Somehow, Ginny managed to fool her mother into thinking that the argument they'd had the year before (the one that had caused all the windows in the Burrow to need to be replaced) had been resolved. Molly Weasley no longer believed that Ginny was willing to risk life and limb to throw herself into the cause for which the rest of her family fought.
If Mum really believes that, she deserves to be lied to.
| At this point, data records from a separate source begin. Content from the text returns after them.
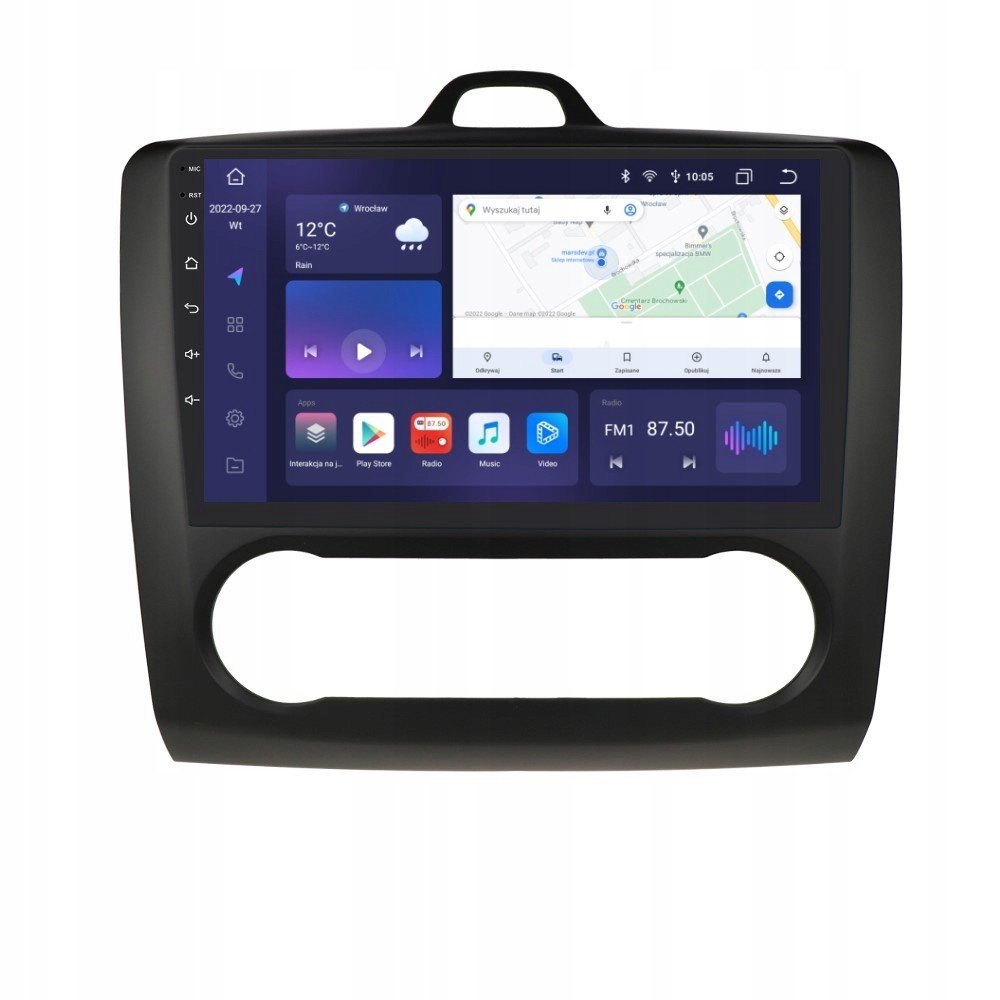 Rádio Android Ford Focus MK2 6/128GB Dsp Carplay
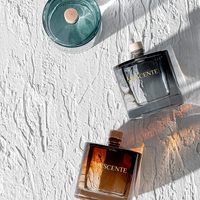 Diffuseur de parfum d'ambiance Mescente Brown 3-en-1, parfum vanille cœur nordique, triangle turc, sécurité enfant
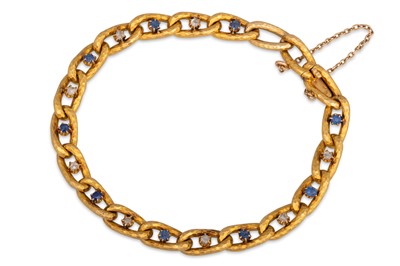 Lot 204 - A FRENCH VINTAGE 18CT GOLD CURB LINK BRACELET,...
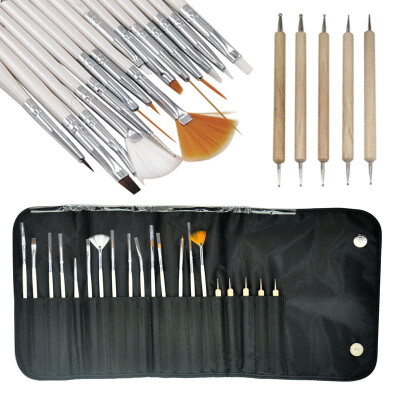 

〖Follure〗Nail Art 20PCS Design Painting Pen Brush Set for Salon Manicure DIY Tool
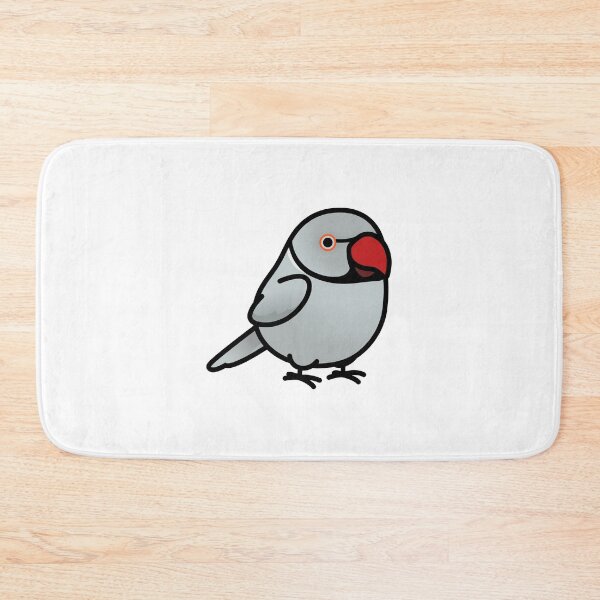 Item preview, Chubby Gray Indian Ringneck Parakeet designed and sold by birdhism.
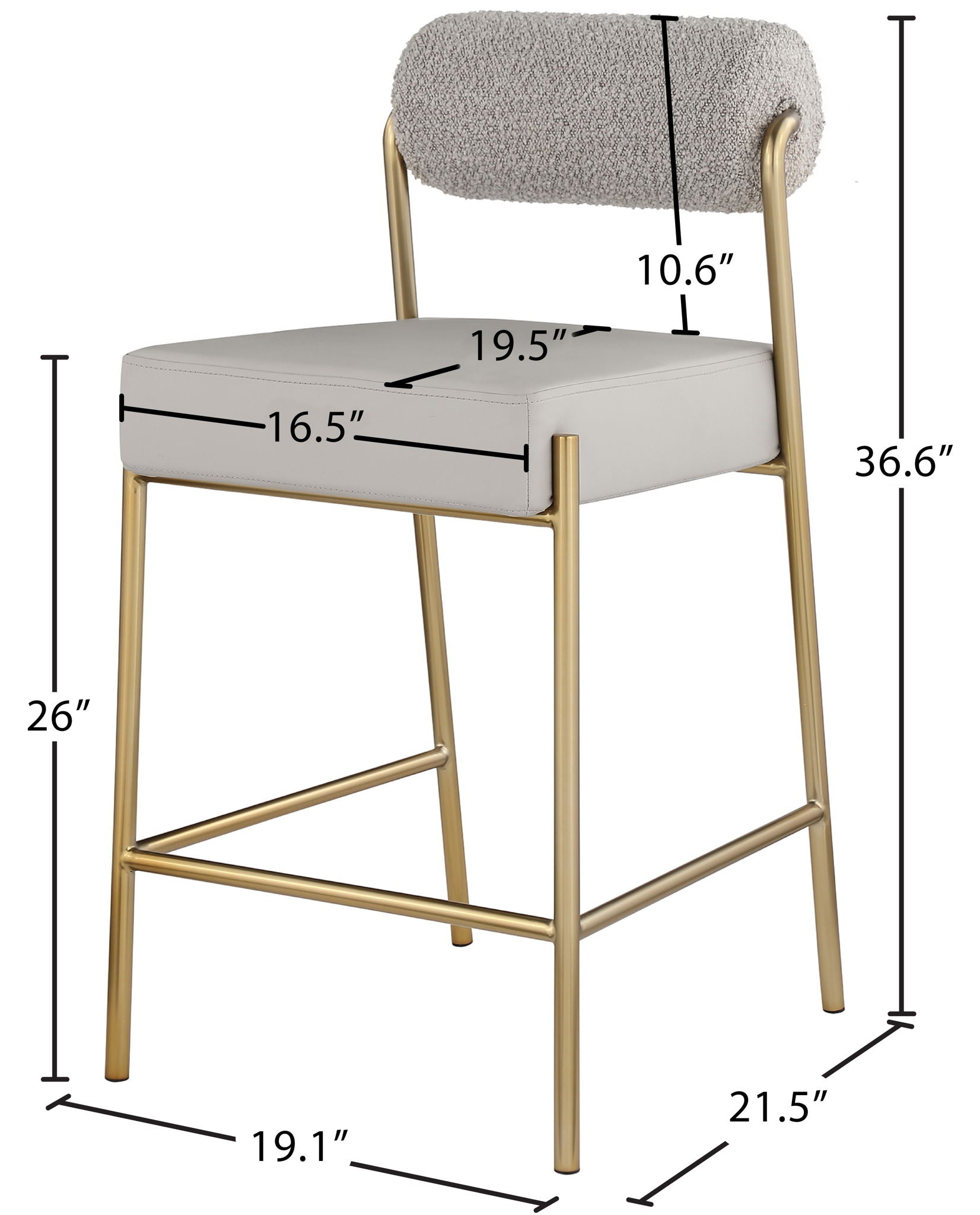 Carly - Counter Stool (Set of 2)
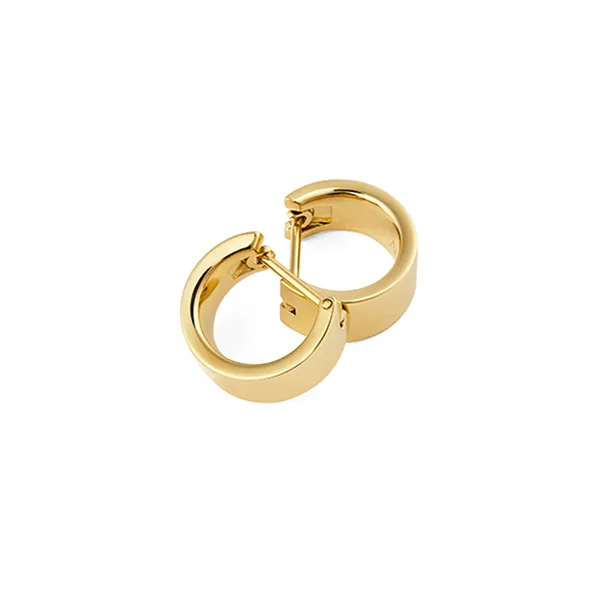 Khuyên Tai Nữ Daniel Wellington Line Earrings Polished Gold DW00401895 Màu Vàng Gold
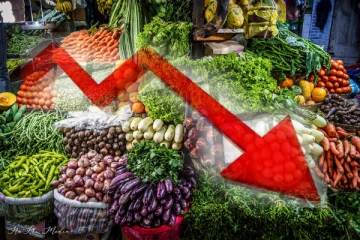 நாட்டின் பணவீக்கம் 35 சதவீதமாகக் குறைந்தது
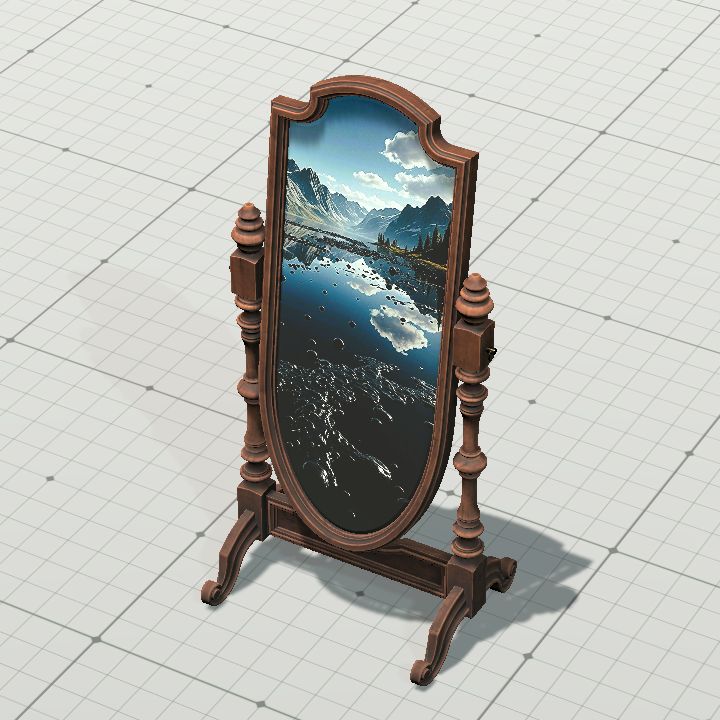 Seer's Floor Mirror #14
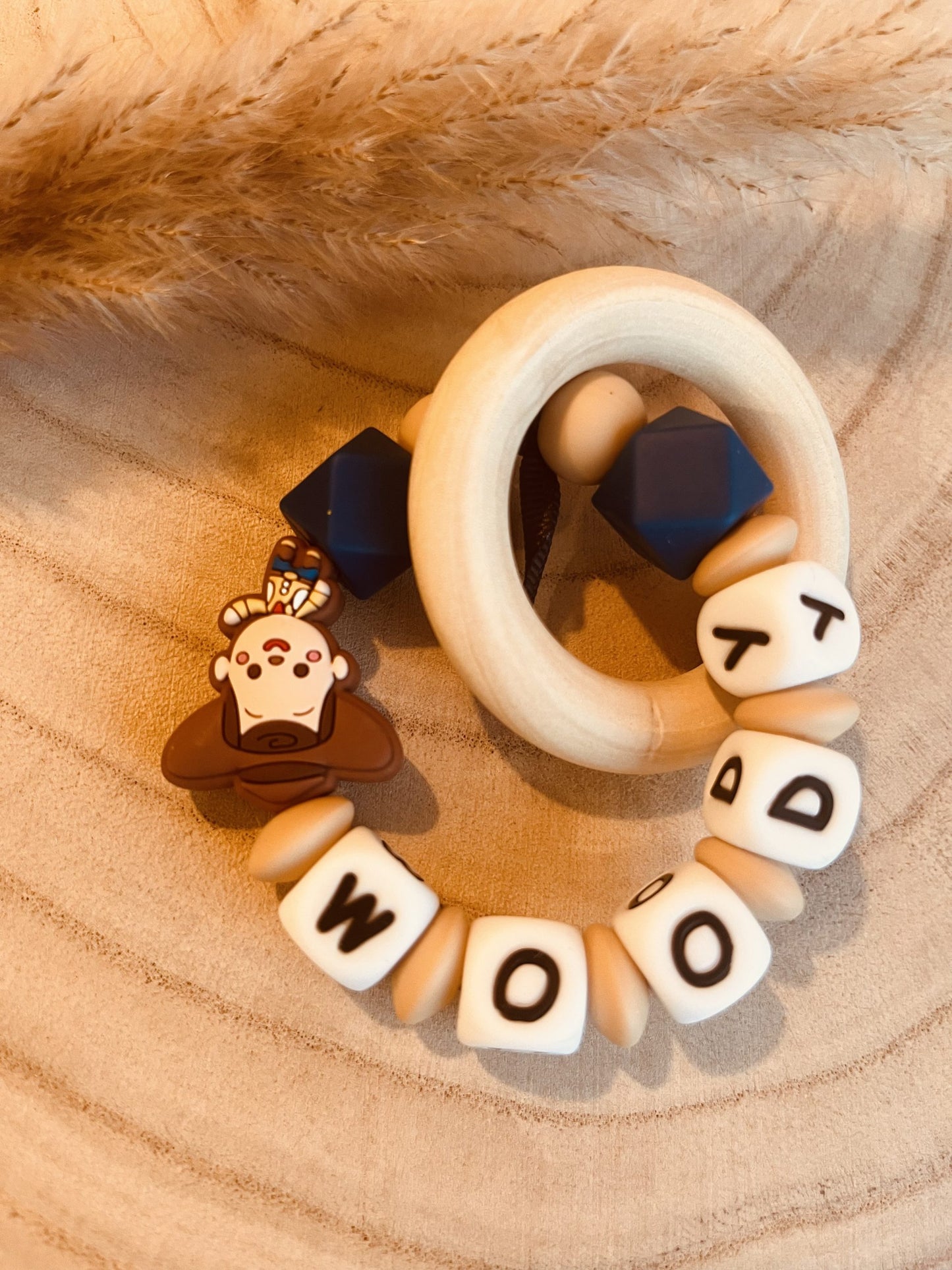 Anneau de dentition toy story Woody vue de dessus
Her chance came several days after her birthday, when the summer holidays were waning, and it was almost time to pack her trunk and return to school. And the Carrows. The scar on her shoulder twitched a little when she thought about Hogwarts, and she almost walked right by Moody sitting at the kitchen table, her mother nowhere in sight.
Not only was Molly Weasley not in sight, but Ginny knew for a fact that she'd be gone for at least another hour.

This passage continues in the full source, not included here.